The reason for this is twofold, he said: a generational shift as well as a technological one.

“The leadership is changing and also there is no [need for] capital outlay,” he said.

“Previously, capital investment was required. That is no longer the case. Also, it’s fast to get up and running. You’re not doing heart surgery on your business.”

The key development here is cloud computing, notably cloud-based business intelligence applications such as Microsoft Power BI.

“Data has been under-utilised, and if you put it into some sort of analytics process, before cloud that wouldn’t have been possible,” said Tallon.

Being able to centralise data in the cloud not only allows for analytics, it also simplifies processes.
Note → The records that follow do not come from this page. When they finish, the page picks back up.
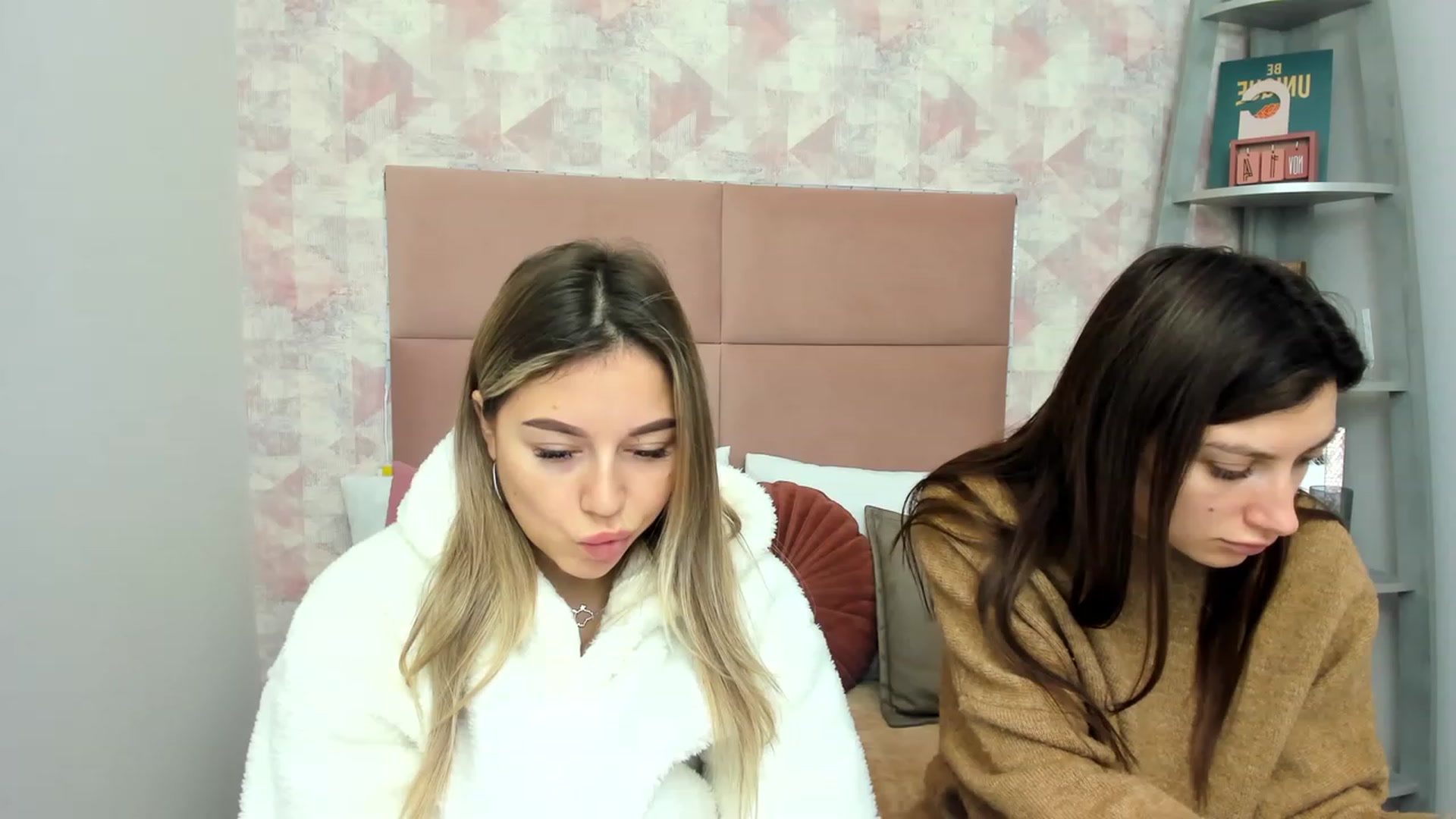Gallery image thumbnail from SandraFitt's myfreecams stream on, 11/25/2022, 11:16 image 3 of 20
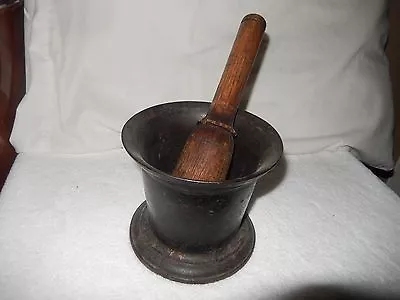  Antique 19th Century Heavy Cast Iron Mortar And Oak Pestle Apothecary • $152.99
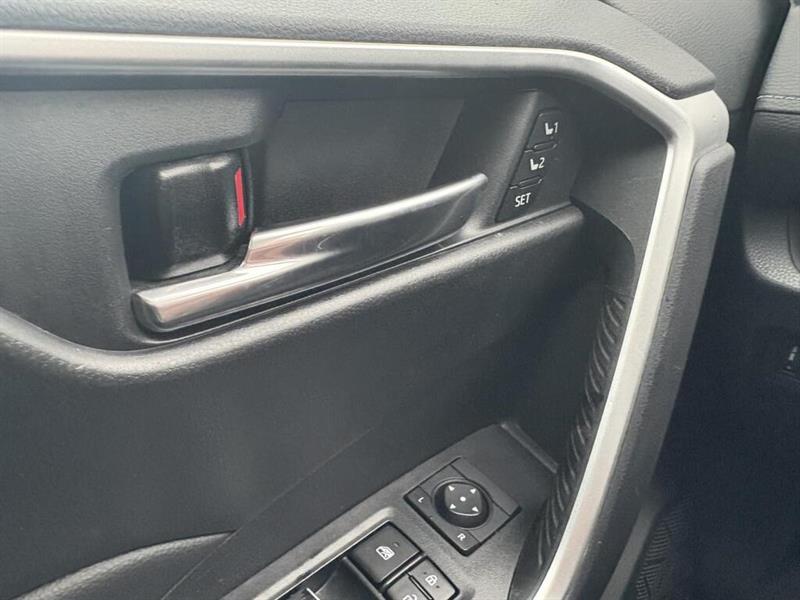 toyota RAV4 2023 - 12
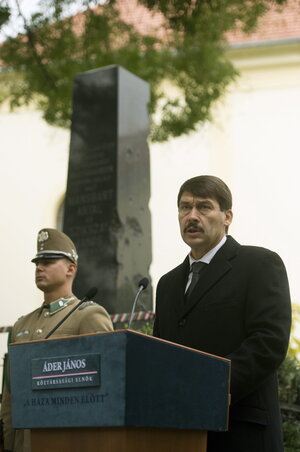 Áder János beszédet mond a nagyigmándi megemlékezésen  (Fotó: MTI)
“Data management is essential. This means asking things like, how does an organisation know what data it has? You have people working across different teams who could use it, so how do we put in a central system that can manage it?”

When data is centralised, changes automatically populate across the system, so that if, for instance, a supplier changes an address or status, it does not need to be updated on multiple systems. Beyond that, it also helps with understanding the business by becoming a catalogue of, for instance, machine assets.
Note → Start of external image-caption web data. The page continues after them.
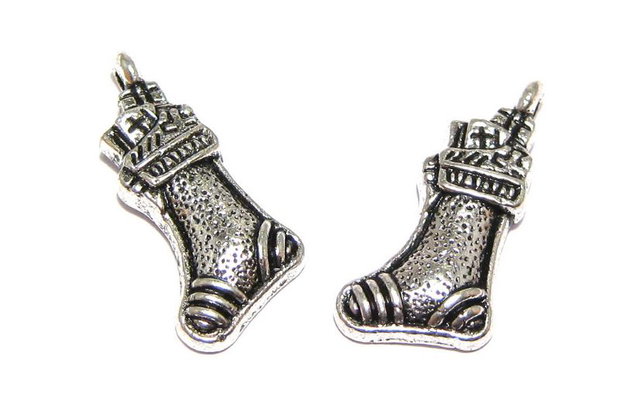 Pandantiv metalic, argintiu antichizat, cizmulita, 24.5x15 mm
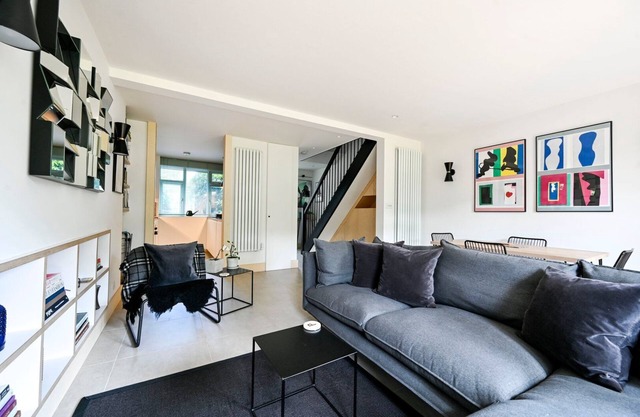 GuestReady - Modern 2BD near Kennington Park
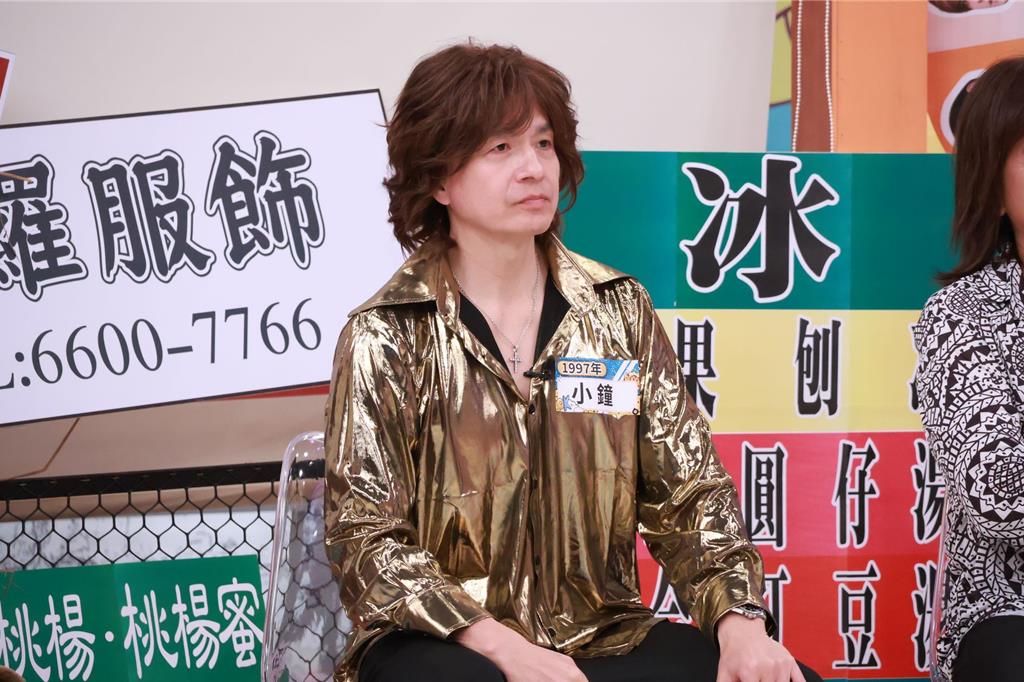 小鐘驚爆「生死一瞬間」!搏命通告「椅墊下放電擊棒」痛飆髒話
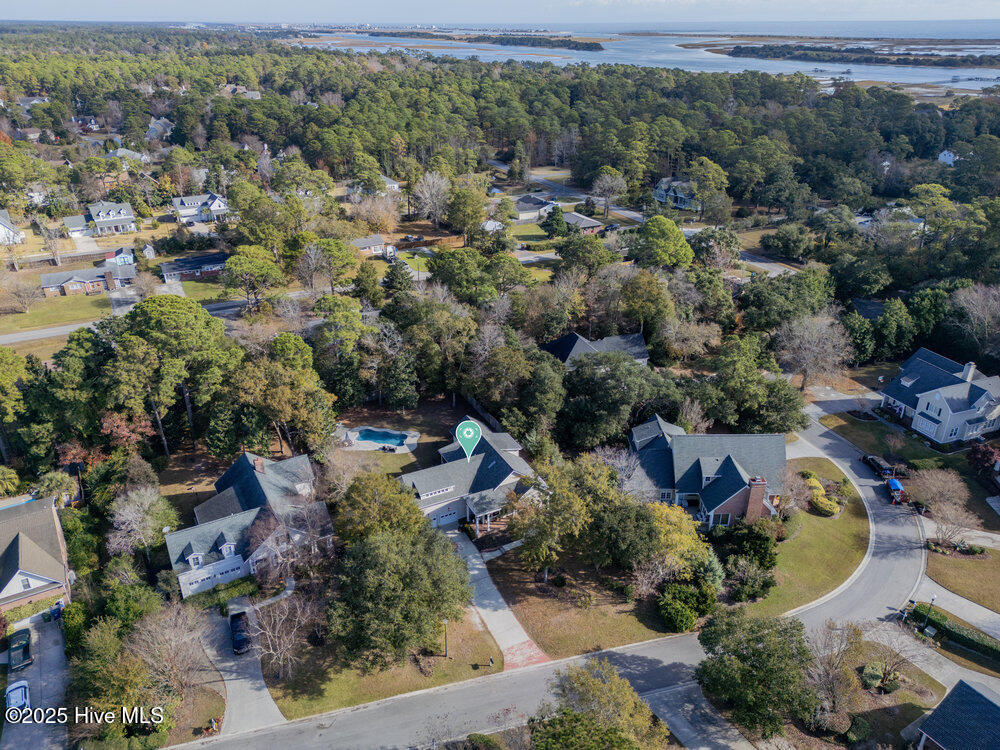 100543426 | Photo 35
“That curation of data is an important thing for a lot of manufacturing facilities,” said Tallon.

These assets also produce data that has real-world applications for the business. Production data, for example, can tell you about the future output of a process.

“There’s a lot of life science in Ireland, a lot of machine data; vast amounts of data coming out of these machines, producing whatever they’re producing.

“There is value in understanding that. If you take data from a production line that says there has been a one-degree increase in temperature, that could have a downstream effect on line number four, and someone could see the plastic is warping,” he said.

In the end, Tallon said, analytics need not be a giant leap into the dark. Instead, it can be seen as a natural outgrowth of ongoing business processes.

“If you’re already on the road with BI and thinking about solving problems, on the journey to get a solution, then it’s a case of putting analytics on top of that. There’s not a big jump there,” he said.